# Problem requirements
Please set down every entry again exactly as it stands, without the pictures.

Pictures with short captions:

__________________________________________________

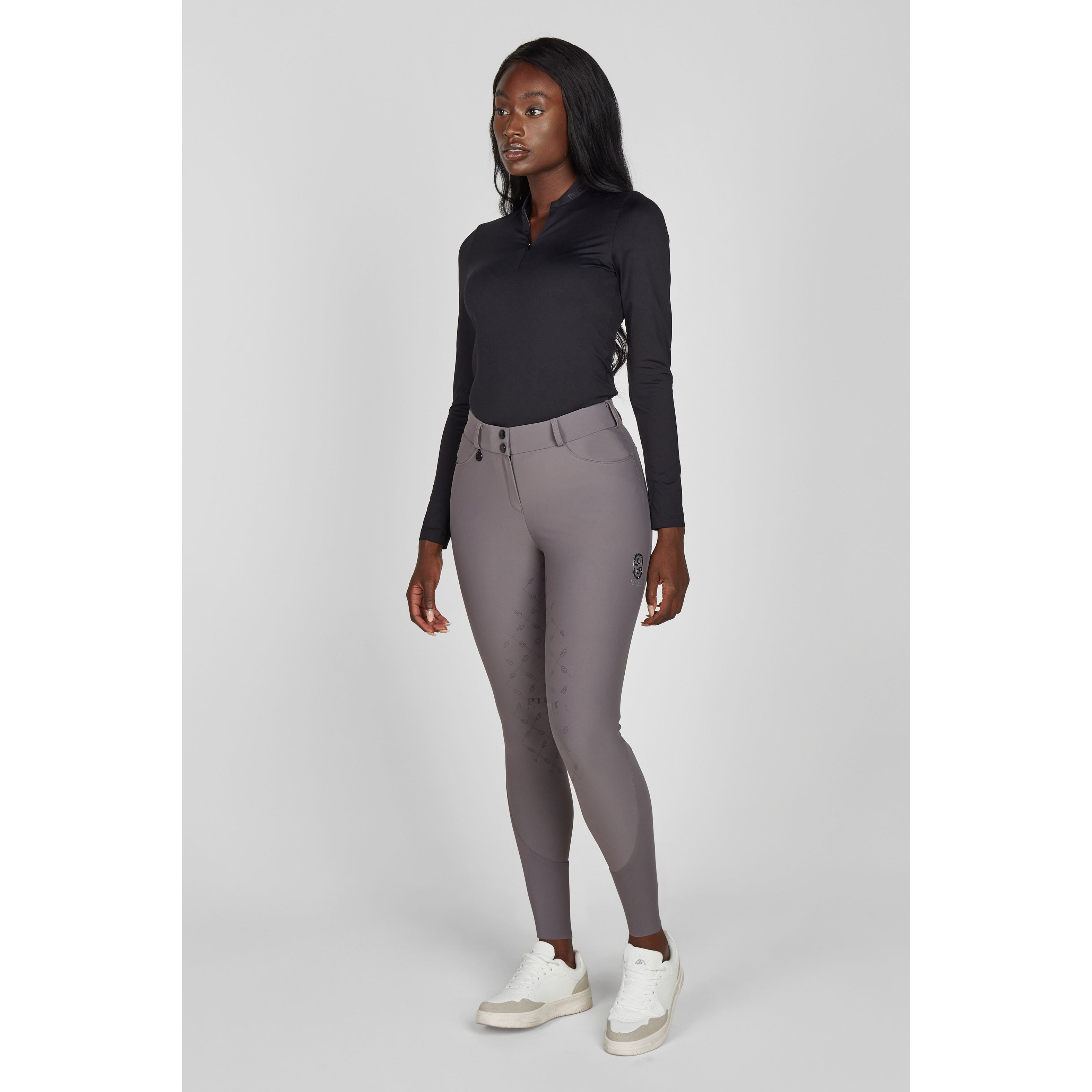 Pikeur SS26 Ceelina SD Highwaist 144525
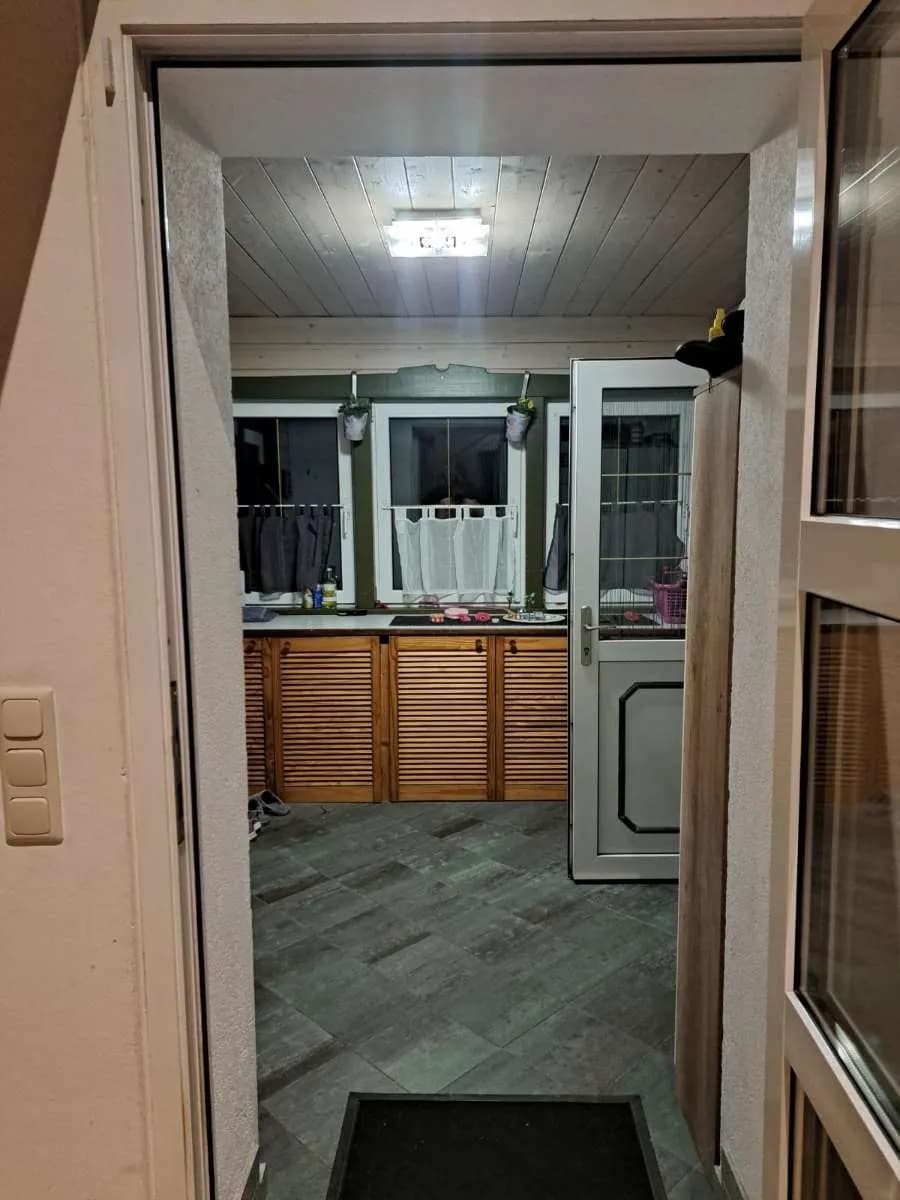 Gewerbeimmobilie kaufen in Völkermarkt – 250 m², € 439.000 – Bild 19 von 30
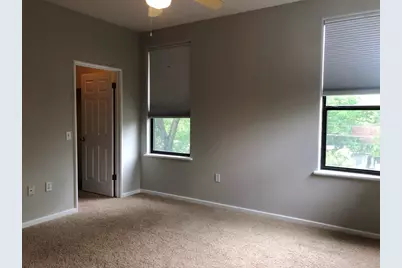 2202 East Side Drive, Austin, TX 78704 - Photo 20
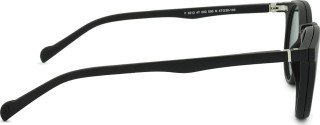 Centrostyle Neyeture F021247002000N 47 (clip solar) 35721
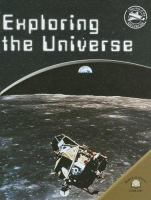 Exploring_the_Universe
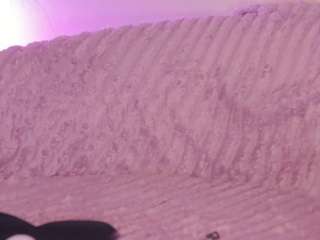 anaisbloom — Camsoda recorded stream image, 09.07.2026 00:00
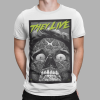 They Live T-Shirt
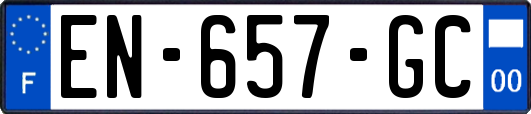 EN-657-GC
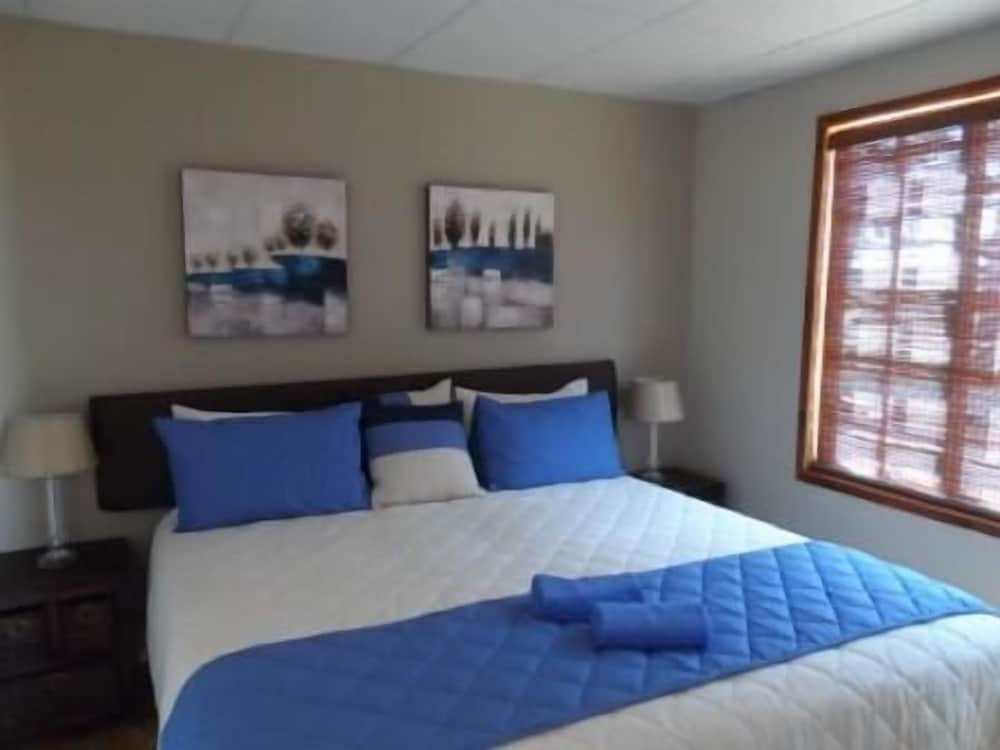 Room photo 3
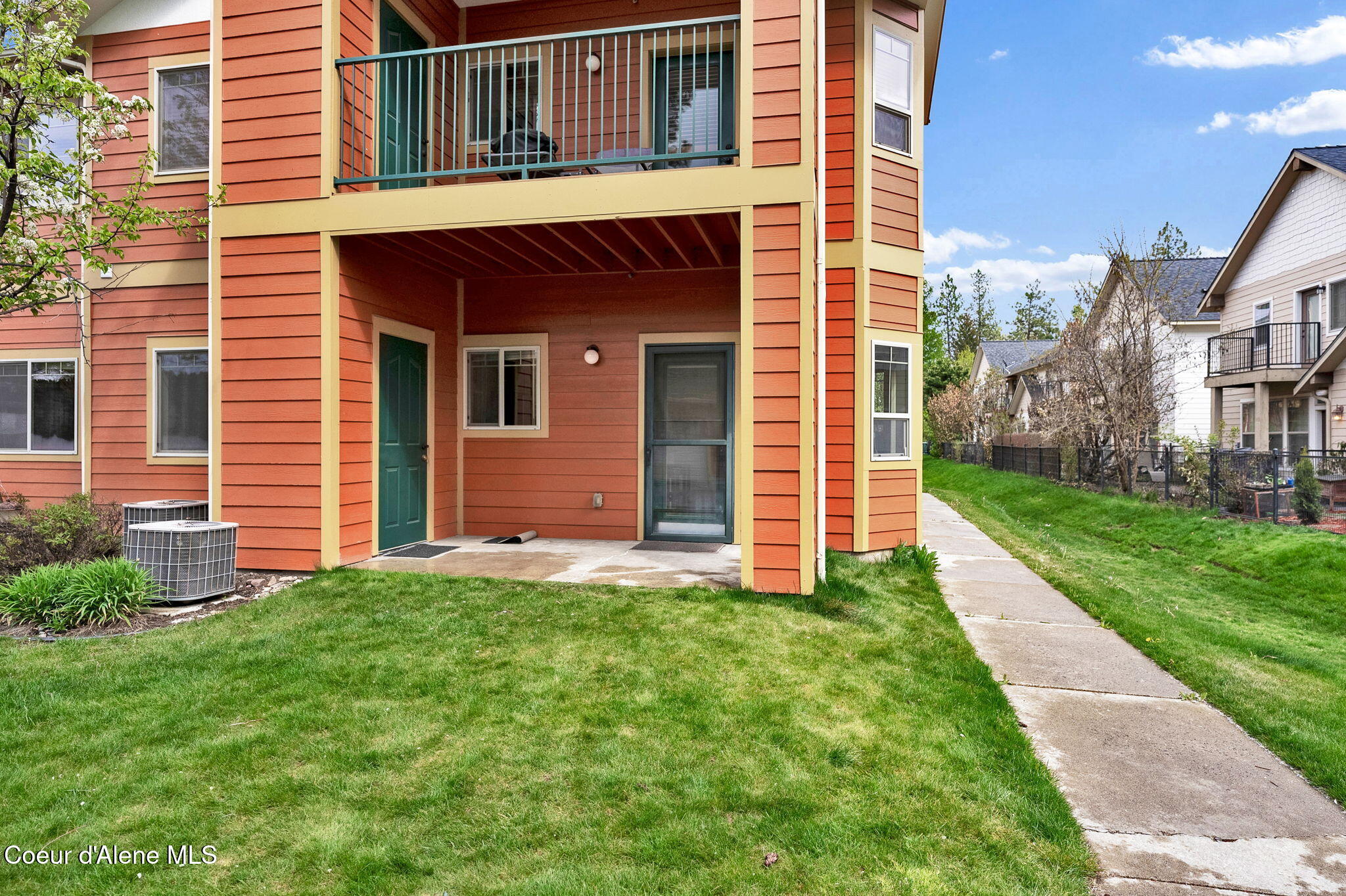 6630 N Spurwing Loop #100, Coeur d'Alene, Idaho image 4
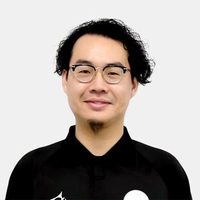 青木 大和さんのプロフィール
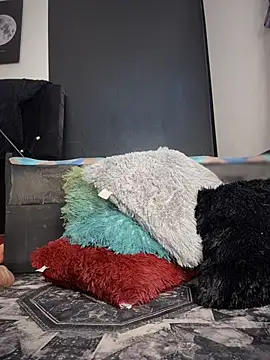 _Danna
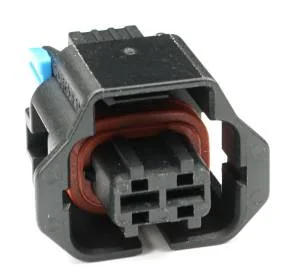 connectorexperts202602241033051703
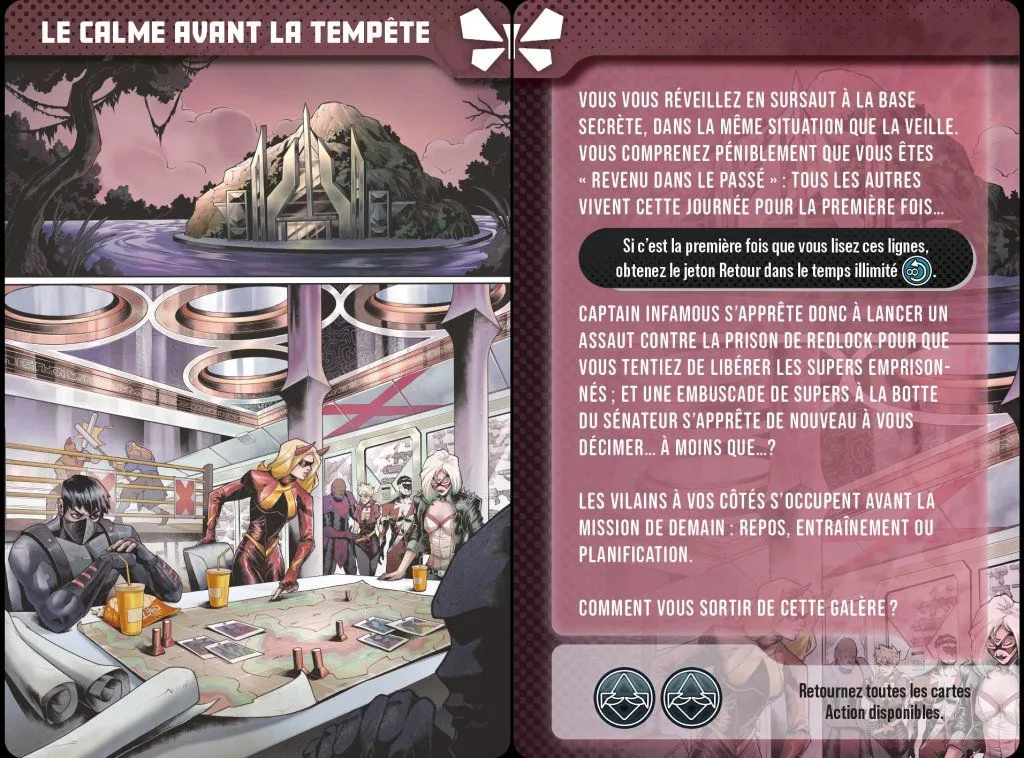 BUT ALT FR EXPLORATION CARDS 01 1024x758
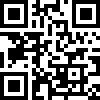 https://isna.ir/xdTgY8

__________________________________________________

# Your response
 Pikeur SS26 Ceelina SD Highwaist 144525
 Gewerbeimmobilie kaufen in Völkermarkt – 250 m², € 439.000 – Bild 19 von 30
 2202 East Side Drive, Austin, TX 78704 - Photo 20
 Centrostyle Neyeture F021247002000N 47 (clip solar) 35721
 Exploring_the_Universe
 anaisbloom — Camsoda recorded stream image, 09.07.2026 00:00
 They Live T-Shirt
 EN-657-GC
 Room photo 3
 6630 N Spurwing Loop #100, Coeur d'Alene, Idaho image 4
 青木 大和さんのプロフィール
 _Danna
 connectorexperts202602241033051703
 BUT ALT FR EXPLORATION CARDS 01 1024x758
 https://isna.ir/xdTgY8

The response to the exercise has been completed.